**** Task data ****
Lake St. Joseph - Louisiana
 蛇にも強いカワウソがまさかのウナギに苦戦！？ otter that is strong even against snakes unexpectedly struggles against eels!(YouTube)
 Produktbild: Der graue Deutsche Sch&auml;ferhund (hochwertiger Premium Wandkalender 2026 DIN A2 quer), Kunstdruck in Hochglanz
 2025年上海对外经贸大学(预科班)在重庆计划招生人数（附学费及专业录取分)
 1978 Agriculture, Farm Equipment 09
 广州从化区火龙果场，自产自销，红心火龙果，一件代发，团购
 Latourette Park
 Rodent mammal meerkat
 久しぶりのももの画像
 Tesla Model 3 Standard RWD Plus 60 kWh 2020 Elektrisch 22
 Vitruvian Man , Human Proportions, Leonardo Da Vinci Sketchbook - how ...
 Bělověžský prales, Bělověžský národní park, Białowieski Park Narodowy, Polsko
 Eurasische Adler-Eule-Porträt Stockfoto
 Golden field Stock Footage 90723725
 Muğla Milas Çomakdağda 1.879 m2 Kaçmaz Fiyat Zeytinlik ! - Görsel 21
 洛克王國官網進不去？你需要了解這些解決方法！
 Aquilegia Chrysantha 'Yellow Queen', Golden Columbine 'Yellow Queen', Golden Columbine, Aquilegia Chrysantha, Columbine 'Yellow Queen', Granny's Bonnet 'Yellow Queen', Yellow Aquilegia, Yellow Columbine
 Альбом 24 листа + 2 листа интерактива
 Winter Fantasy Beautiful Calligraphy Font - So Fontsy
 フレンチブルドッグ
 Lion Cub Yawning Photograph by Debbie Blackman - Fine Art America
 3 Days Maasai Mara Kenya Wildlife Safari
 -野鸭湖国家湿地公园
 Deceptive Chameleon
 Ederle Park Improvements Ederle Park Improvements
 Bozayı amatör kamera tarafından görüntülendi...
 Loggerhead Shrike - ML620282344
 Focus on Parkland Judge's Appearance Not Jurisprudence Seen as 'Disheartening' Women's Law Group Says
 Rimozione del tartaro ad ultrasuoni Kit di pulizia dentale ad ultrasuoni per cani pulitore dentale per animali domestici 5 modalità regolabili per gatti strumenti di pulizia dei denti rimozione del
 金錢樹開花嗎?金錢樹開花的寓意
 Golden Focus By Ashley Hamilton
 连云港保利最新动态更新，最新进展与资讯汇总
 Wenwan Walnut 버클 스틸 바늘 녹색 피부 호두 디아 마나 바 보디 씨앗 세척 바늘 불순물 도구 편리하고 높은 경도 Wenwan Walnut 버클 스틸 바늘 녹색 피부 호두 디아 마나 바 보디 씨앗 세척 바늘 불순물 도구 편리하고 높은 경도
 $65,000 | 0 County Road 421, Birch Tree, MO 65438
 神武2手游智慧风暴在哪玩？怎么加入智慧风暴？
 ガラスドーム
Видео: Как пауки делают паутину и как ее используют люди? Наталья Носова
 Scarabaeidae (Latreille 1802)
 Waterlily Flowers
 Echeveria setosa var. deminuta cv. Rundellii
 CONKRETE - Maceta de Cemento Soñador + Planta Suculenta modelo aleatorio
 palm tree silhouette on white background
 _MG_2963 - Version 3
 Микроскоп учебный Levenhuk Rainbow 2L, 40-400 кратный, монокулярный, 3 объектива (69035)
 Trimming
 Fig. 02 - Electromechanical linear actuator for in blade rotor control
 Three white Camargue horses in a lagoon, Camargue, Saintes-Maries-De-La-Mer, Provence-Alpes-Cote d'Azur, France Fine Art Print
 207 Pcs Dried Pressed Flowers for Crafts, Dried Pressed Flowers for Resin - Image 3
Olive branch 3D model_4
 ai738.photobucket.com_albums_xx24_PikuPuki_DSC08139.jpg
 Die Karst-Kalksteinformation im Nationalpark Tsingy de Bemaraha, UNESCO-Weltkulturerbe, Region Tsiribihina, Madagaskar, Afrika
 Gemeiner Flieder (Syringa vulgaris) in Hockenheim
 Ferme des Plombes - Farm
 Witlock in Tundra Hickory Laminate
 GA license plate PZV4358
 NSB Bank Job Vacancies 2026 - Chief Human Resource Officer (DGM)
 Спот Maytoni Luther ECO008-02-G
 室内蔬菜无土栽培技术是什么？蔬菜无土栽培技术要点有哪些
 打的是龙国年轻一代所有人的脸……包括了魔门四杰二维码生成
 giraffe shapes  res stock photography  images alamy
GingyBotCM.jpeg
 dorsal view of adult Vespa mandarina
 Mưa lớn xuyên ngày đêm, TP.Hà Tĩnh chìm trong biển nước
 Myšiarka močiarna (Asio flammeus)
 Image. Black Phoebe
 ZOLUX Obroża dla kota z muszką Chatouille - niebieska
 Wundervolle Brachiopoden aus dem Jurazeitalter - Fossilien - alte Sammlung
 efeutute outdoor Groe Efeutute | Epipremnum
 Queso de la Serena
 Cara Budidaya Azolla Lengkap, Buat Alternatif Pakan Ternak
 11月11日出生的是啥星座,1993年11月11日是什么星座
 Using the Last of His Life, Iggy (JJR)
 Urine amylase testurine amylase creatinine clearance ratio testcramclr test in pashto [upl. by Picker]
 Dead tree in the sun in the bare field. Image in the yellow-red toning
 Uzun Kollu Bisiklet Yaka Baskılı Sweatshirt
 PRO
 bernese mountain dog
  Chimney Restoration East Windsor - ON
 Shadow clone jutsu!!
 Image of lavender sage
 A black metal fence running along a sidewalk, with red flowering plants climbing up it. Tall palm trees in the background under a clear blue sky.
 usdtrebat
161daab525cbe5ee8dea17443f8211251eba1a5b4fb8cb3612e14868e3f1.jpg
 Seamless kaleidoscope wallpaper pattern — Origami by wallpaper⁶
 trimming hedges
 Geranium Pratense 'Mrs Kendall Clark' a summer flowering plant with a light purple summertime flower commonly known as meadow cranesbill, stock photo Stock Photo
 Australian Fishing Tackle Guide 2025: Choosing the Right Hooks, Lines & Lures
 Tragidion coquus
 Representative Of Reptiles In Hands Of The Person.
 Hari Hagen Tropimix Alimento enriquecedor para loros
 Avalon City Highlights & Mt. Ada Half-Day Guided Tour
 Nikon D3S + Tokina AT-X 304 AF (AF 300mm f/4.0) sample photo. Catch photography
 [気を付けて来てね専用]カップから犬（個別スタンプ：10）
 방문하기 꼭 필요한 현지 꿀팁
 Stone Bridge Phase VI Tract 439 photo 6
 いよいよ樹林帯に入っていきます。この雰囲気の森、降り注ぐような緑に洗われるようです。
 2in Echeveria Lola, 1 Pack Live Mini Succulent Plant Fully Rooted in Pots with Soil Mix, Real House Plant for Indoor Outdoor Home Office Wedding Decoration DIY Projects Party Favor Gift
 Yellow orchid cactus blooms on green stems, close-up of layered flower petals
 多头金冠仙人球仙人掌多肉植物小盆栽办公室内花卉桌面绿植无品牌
****
** Exercise aim **
Output the first line of the entries above and every line after it, exactly as written, ending with the line that contains "Rimozione del tartaro".

** Exercise solution **
Lake St. Joseph - Louisiana
 蛇にも強いカワウソがまさかのウナギに苦戦！？ otter that is strong even against snakes unexpectedly struggles against eels!(YouTube)
 Produktbild: Der graue Deutsche Sch&auml;ferhund (hochwertiger Premium Wandkalender 2026 DIN A2 quer), Kunstdruck in Hochglanz
 2025年上海对外经贸大学(预科班)在重庆计划招生人数（附学费及专业录取分)
 1978 Agriculture, Farm Equipment 09
 广州从化区火龙果场，自产自销，红心火龙果，一件代发，团购
 Latourette Park
 Rodent mammal meerkat
 久しぶりのももの画像
 Tesla Model 3 Standard RWD Plus 60 kWh 2020 Elektrisch 22
 Vitruvian Man , Human Proportions, Leonardo Da Vinci Sketchbook - how ...
 Bělověžský prales, Bělověžský národní park, Białowieski Park Narodowy, Polsko
 Eurasische Adler-Eule-Porträt Stockfoto
 Golden field Stock Footage 90723725
 Muğla Milas Çomakdağda 1.879 m2 Kaçmaz Fiyat Zeytinlik ! - Görsel 21
 洛克王國官網進不去？你需要了解這些解決方法！
 Aquilegia Chrysantha 'Yellow Queen', Golden Columbine 'Yellow Queen', Golden Columbine, Aquilegia Chrysantha, Columbine 'Yellow Queen', Granny's Bonnet 'Yellow Queen', Yellow Aquilegia, Yellow Columbine
 Альбом 24 листа + 2 листа интерактива
 Winter Fantasy Beautiful Calligraphy Font - So Fontsy
 フレンチブルドッグ
 Lion Cub Yawning Photograph by Debbie Blackman - Fine Art America
 3 Days Maasai Mara Kenya Wildlife Safari
 -野鸭湖国家湿地公园
 Deceptive Chameleon
 Ederle Park Improvements Ederle Park Improvements
 Bozayı amatör kamera tarafından görüntülendi...
 Loggerhead Shrike - ML620282344
 Focus on Parkland Judge's Appearance Not Jurisprudence Seen as 'Disheartening' Women's Law Group Says
 Rimozione del tartaro ad ultrasuoni Kit di pulizia dentale ad ultrasuoni per cani pulitore dentale per animali domestici 5 modalità regolabili per gatti strumenti di pulizia dei denti rimozione del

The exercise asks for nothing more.